While space travel and tennis aren’t the most obvious pairing what with the lack of gravity and all, the astronauts on the International Space Station (ISS) just proved that you don’t need it when you have a killer serve. The space travelers just played the first-ever tennis match in the stars, battling it out in the ISS, broadcasting the match to Earth via Periscope and NASA Live.
Commander Andrew “Drew” Feustel and three flight engineers—Serena Aunon-Chancellor from the European Space Agency along with NASA’s Ricky Arnold and Alexander Gerst—played the interstellar doubles match.
Prior to the match, Feustel, a geophysicist-turned-space tennis pro picked up a few tips from tennis champion Juan Martín del Potro, who tweeted that he “never thought [he] would get to coach someone to play a tennis match in Space.”
Due to the confines of the space station, and the lack of gravity to direct the balls, the astronauts played on tiny tennis rackets hitting the floating ball slowly over a make-shift net. Feustel predicted that the space match would play out like a giant game of Pong, the old video game, and he was not wrong with the astronauts volleying more than scoring.

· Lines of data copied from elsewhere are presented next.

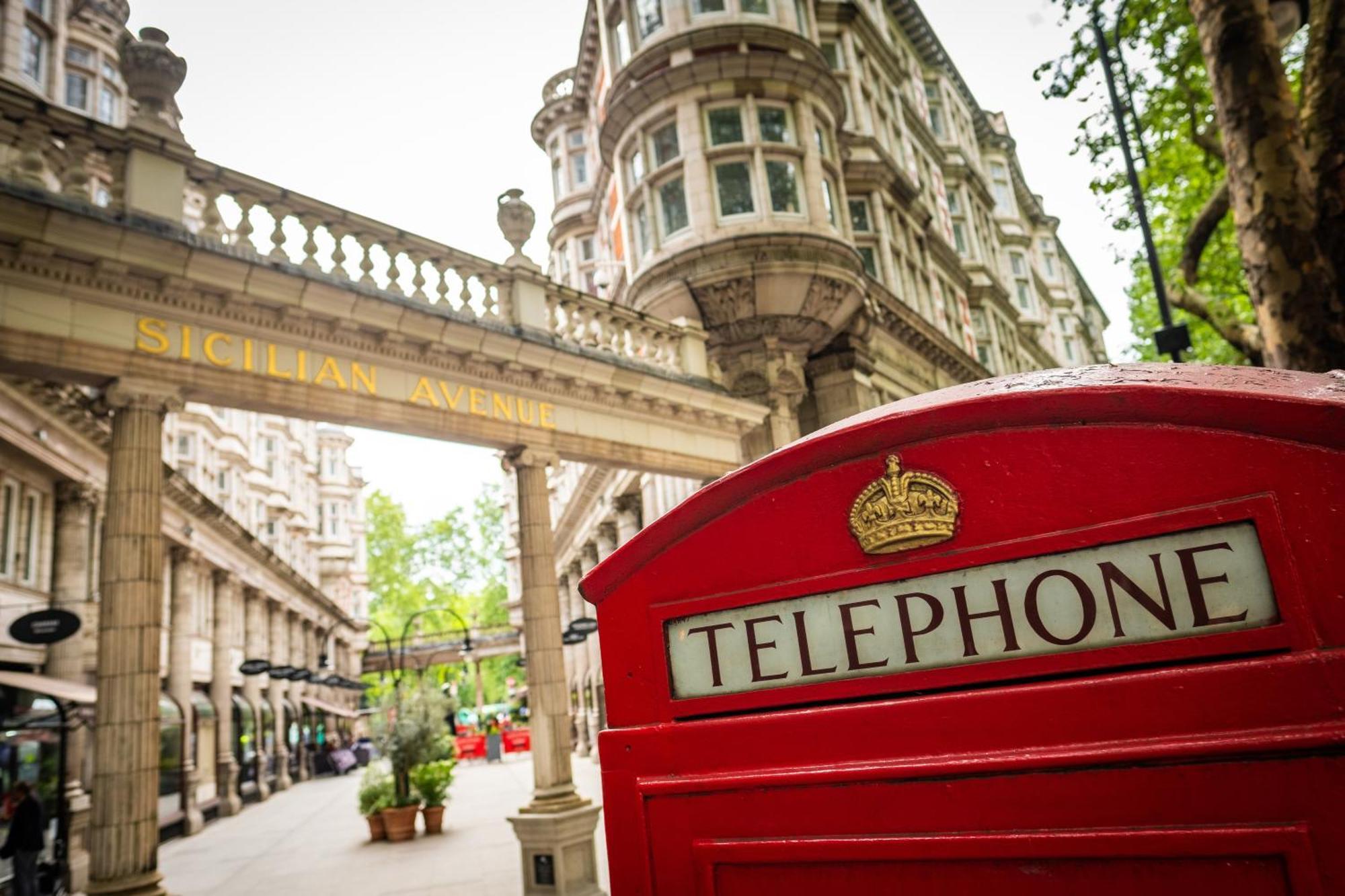 Thistle London Bloomsbury Park Hotel Exterior foto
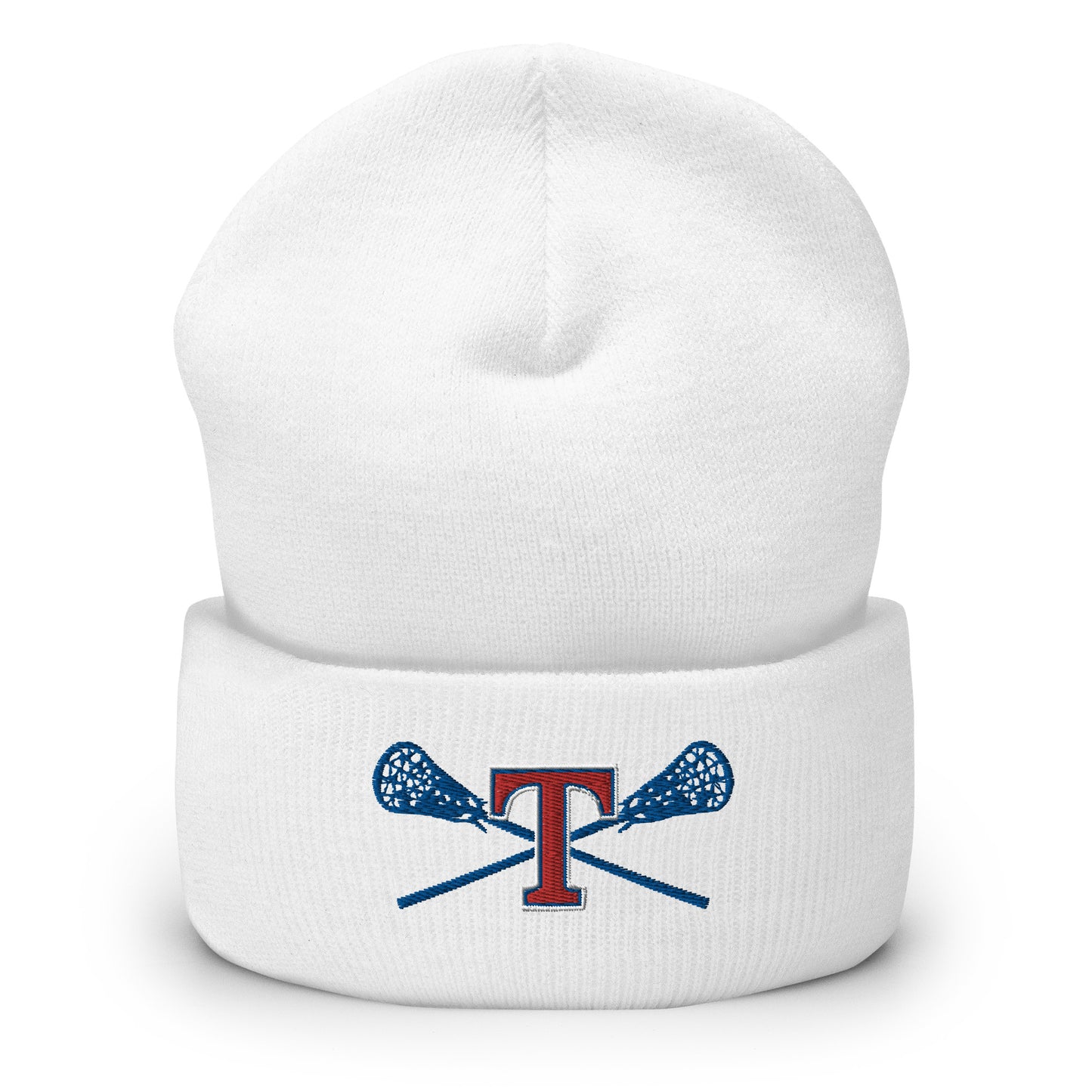 TMHS Lacrosse Cuffed Beanie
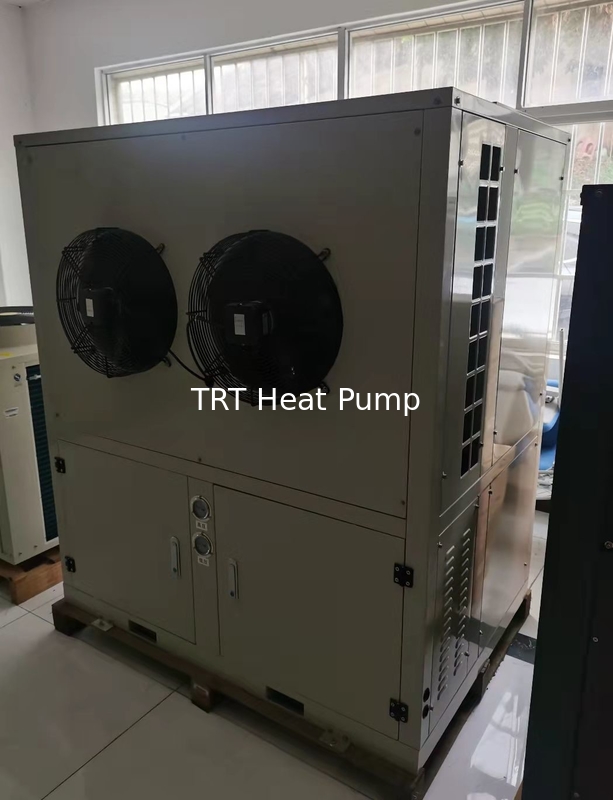Heat pump dryer 24kW, 20L per hour dehuminification flow.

The space match was organized by the U.S. Open tennis organization whose own tournament kicks off this week in New York. To celebrate the historic event, the match was broadcast on the Unisphere, the globe-like sculpture that sits outside the USTA Billie Jean King National Tennis Center in New York. It was an appropriate tribute as, per the tennis organization, the steel globe was “commissioned to celebrate the dawn of the space age” and therefore was the perfect 3D canvas to display the first tennis match in space.